-- Problem description --
Begin at the line that holds "Telescoping Magnetic Pickup" and copy each line exactly until the data below ends, including that last line but no pictures.

*** Block opens ***

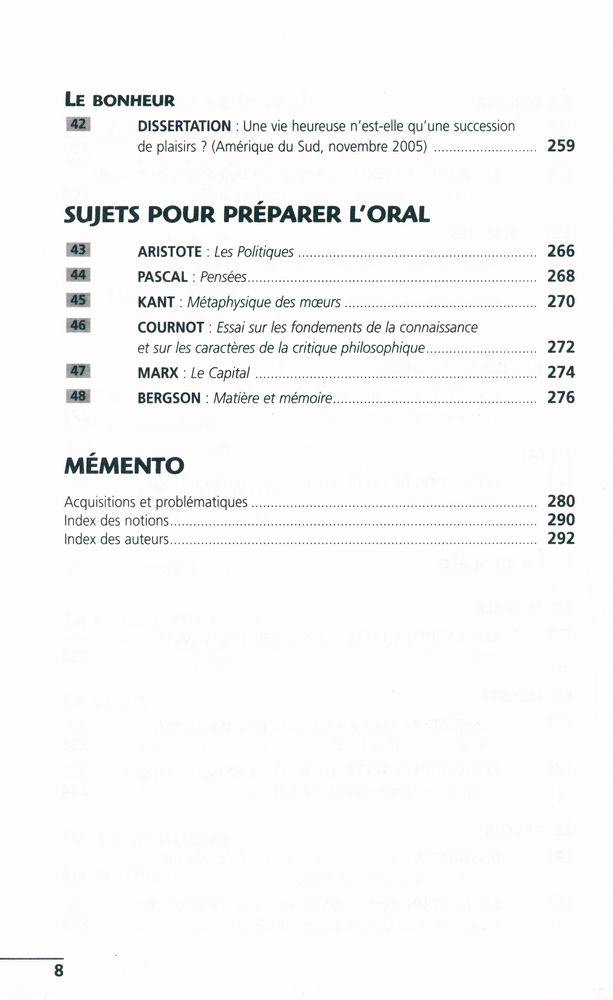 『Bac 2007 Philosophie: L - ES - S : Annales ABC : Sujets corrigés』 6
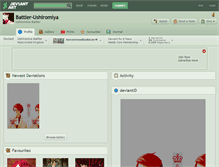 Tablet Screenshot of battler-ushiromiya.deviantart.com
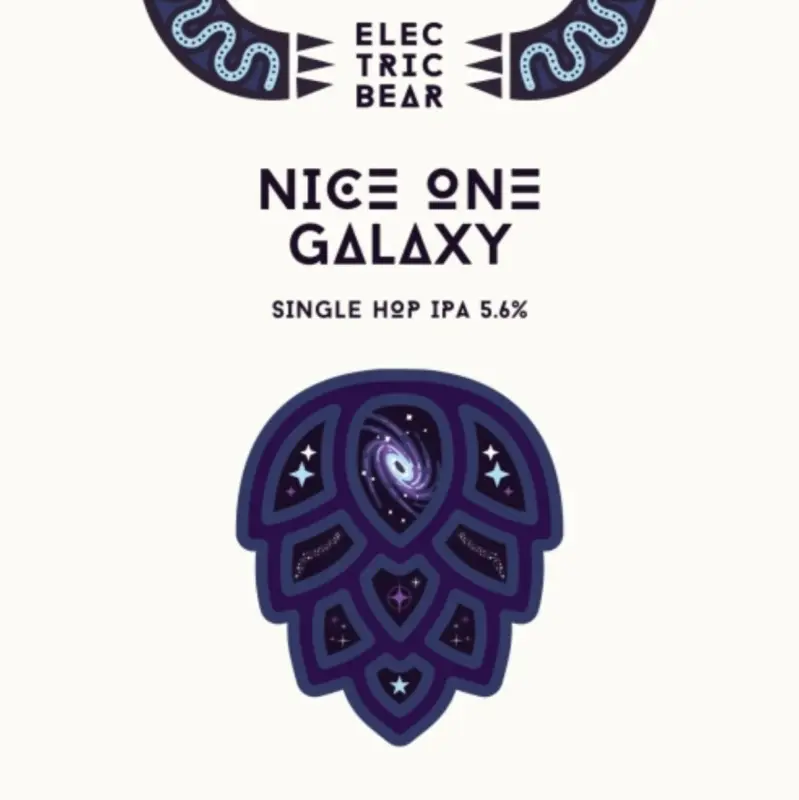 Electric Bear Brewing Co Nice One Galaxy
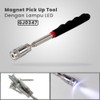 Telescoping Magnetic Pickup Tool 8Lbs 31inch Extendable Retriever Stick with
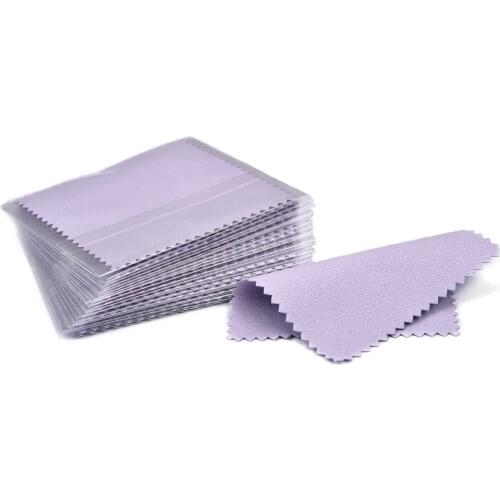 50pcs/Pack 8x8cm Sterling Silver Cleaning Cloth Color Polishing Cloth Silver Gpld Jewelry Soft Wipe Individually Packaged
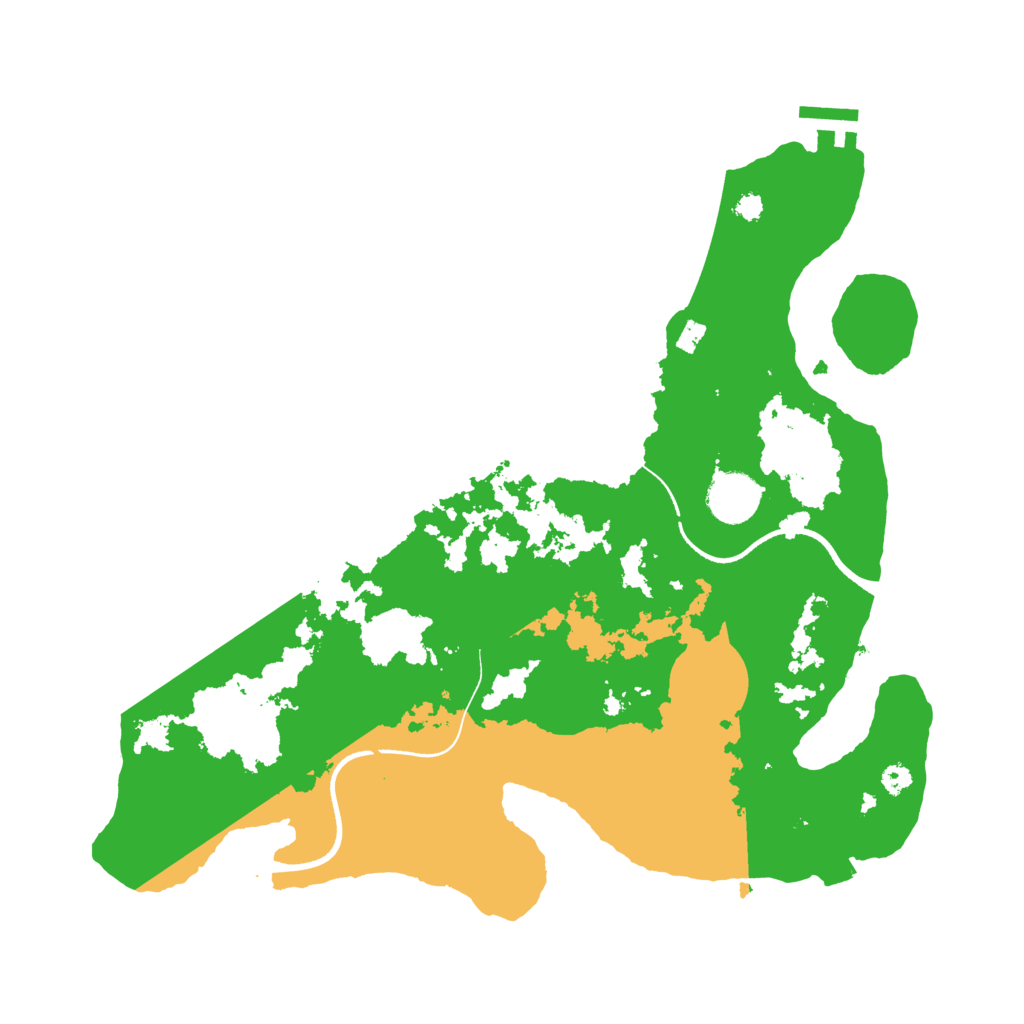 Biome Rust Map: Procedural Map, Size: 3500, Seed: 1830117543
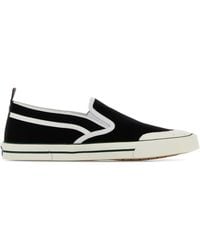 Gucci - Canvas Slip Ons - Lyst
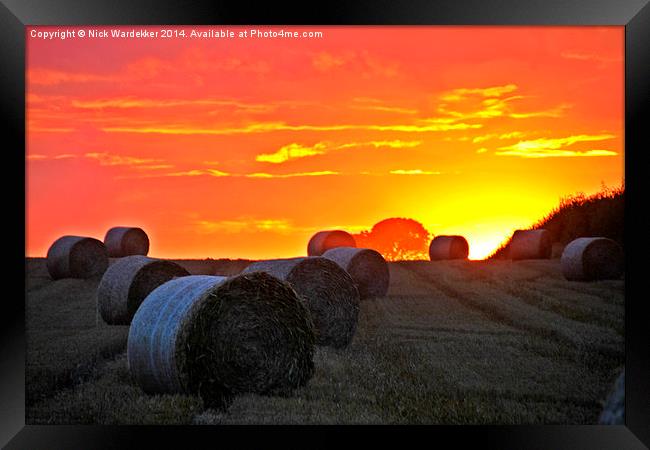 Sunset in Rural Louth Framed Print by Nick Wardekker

*** Block closes ***

-- Exercise response --
 Telescoping Magnetic Pickup Tool 8Lbs 31inch Extendable Retriever Stick with
 50pcs/Pack 8x8cm Sterling Silver Cleaning Cloth Color Polishing Cloth Silver Gpld Jewelry Soft Wipe Individually Packaged
 Biome Rust Map: Procedural Map, Size: 3500, Seed: 1830117543
 Gucci - Canvas Slip Ons - Lyst
 Sunset in Rural Louth Framed Print by Nick Wardekker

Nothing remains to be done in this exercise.